Predicted interest rates, GDP changes and inflation are giving little reason to expect that these factors will be compensated for by a general economic upswing, Mr. Ahern added.
He advises trucking companies "to prepare for the unexpected."
Meanwhile the American Trucking Associations (ATA), in its U.S. Freight Transportation Forecast to 2024 report, predicts about 64-percent growth in freight revenue over the next 10 years.
"The trucking industry continues to dominate the freight transportation industry in terms of both tonnage and revenue," said ATA Chief Economist Bob Costello, noting the ATA projects trucking's share of tonnage will rise to 70.8 percent by 2024 from 68.5 percent in 2012.

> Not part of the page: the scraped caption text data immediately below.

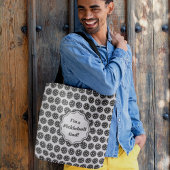 Trendy Pickleball Zwart & Wit 3 letter Monogram Tote Bag
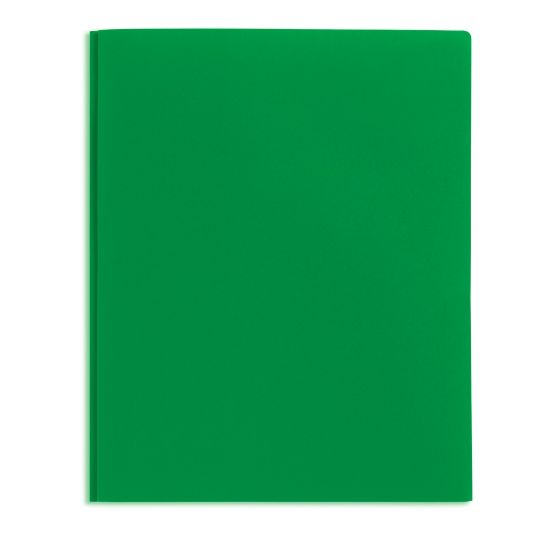 Picture of Office Depot Brand 2-Pocket School-Grade Poly Folder with Prongs, Letter Size, Green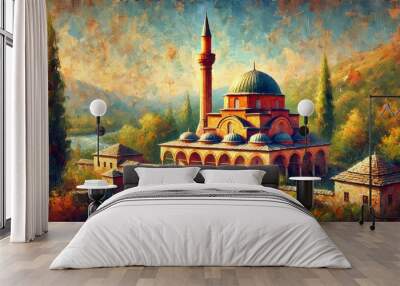  hand-painted depiction of a Bosnian mosque Wall mural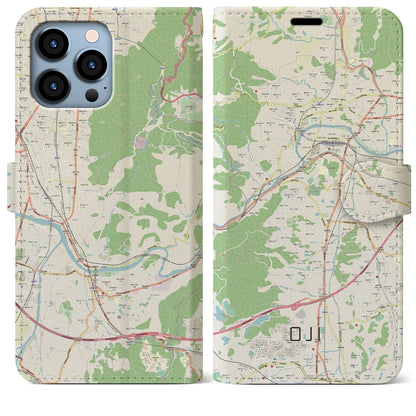 【王寺（奈良県）】地図柄iPhoneケース（手帳タイプ）ナチュラル・iPhone 13 Pro Max 用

Freight revenue is expected to grow by 63.6 percent to $1.3 trillion annually by 2024, and the trucking industry's share of those revenues is predicted to edge up to 81 percent from 80.7 percent in 2012.

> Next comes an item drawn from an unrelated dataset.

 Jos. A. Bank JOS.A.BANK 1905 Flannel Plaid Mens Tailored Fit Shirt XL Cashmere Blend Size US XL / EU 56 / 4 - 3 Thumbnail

Truckload volumes will grow 3.2 percent through 2018 and 1.1 percent annually from 2019 to 2024, according to the ATA. Less-than-truckload volume is predicted to climb 3.5 percent annually through 2018 and by 2.4 percent until 2024.
Conversely, the rail industry is expected to experience anemic growth for rail carloads of just 1.5 percent through 2018 and 0.4 percent from 2019 through 2024, contributing to a decline in market share to 14.2 percent from 14.8 percent in 2011, the ATA predicted.
However, intermodal rail will continue to be the fastest growing freight mode, the ATA said, growing an average of 5.1 percent a year until 2018 then slowing moderately to 4.8 percent annually through 2024.